The sound was painfully loud, like a dry branch breaking.

Daniel’s elbow connected squarely with The Hammer’s face. The giant’s eyes rolled back into his head instantly.

He staggered for a second,then he collapsed. He slammed face-first into the sand and stayed still.

Silence fell over the arena.

The jeers stopped. The booing stopped.

Daniel stood over the fallen giant. He was panting hard. His chest heaved with every breath.

He looked up at the crowd. He didn’t smile. He didn’t celebrate. He just stared at them with dead eyes.

Then, the roar began. It started with the Forsaken. A wild cheering. Then the Iron Pact joined in, banging their spears against their shields. Even the Serpent’s Coil roared in appreciation.

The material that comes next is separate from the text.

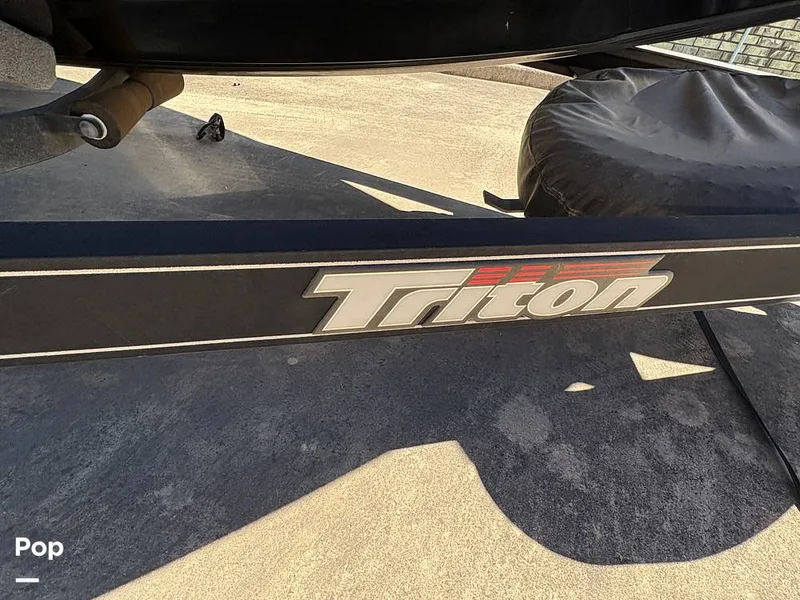 Slide: The Image of Triton 20TRX Patriot 2016 - 16040576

"Winner!" the arena master announced, sounding surprised. "The Mad Dog!"

Daniel looked up toward the rocks. He saw Gideon. The old man didn’t cheer. He just tipped his head in a small nod of approval.

Daniel turned and walked toward the exit gate. He had survived the first match. He had earned his credits. But more importantly, he had proven something to himself. He didn’t need the System to be dangerous.

He just needed to be smart, and he needed to be brutal. One match down. Nine to go!